TO DO: Repeat the whole listing below precisely. Omit all pictures.

RECORDED DATA:
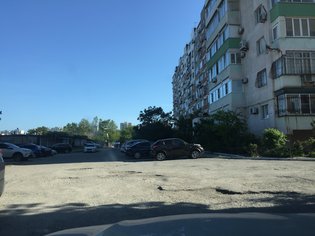 None, Молодёжная улица, 20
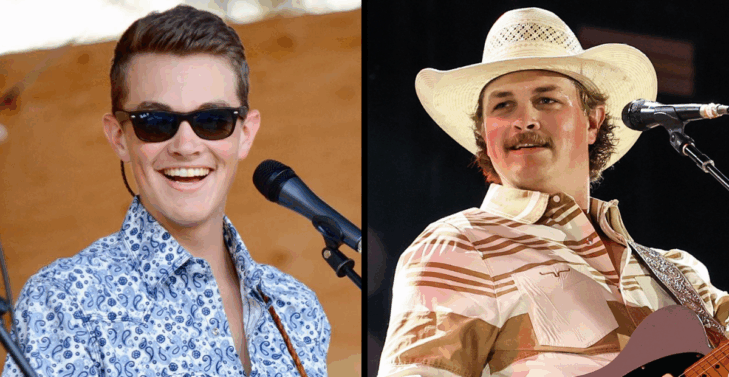 Zach Top young, Zach Top today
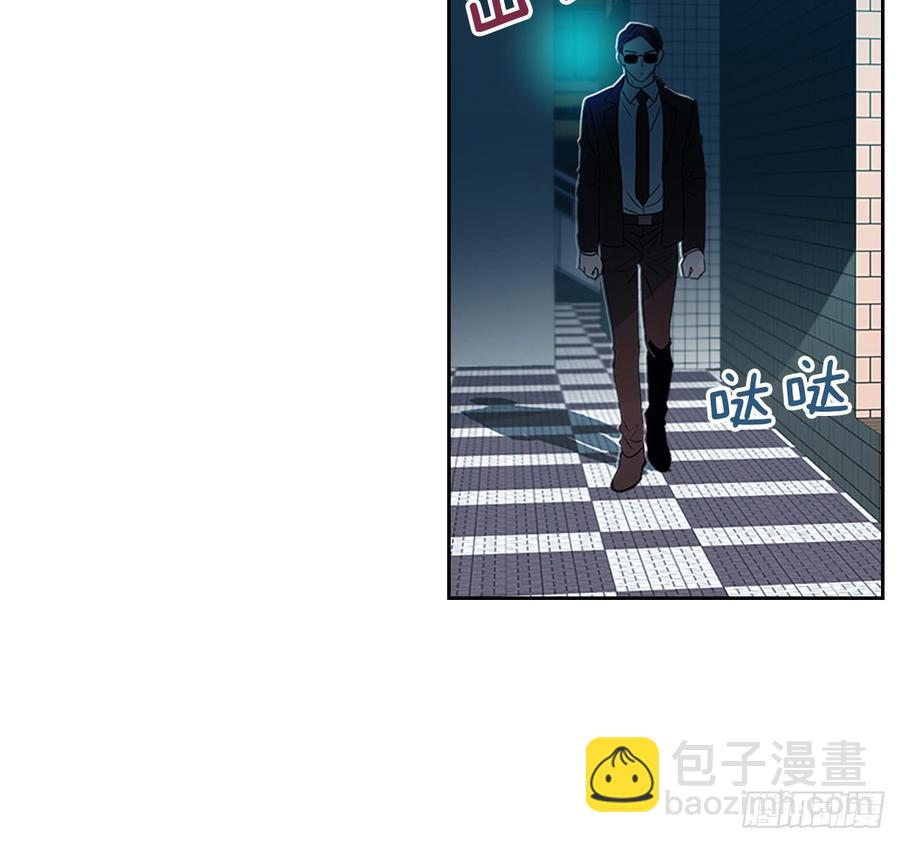 40.你真的是普通人？(1/2)-第41话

RESPONSE TO THE TASK:
 None, Молодёжная улица, 20
 Zach Top young, Zach Top today
 40.你真的是普通人？(1/2)-第41话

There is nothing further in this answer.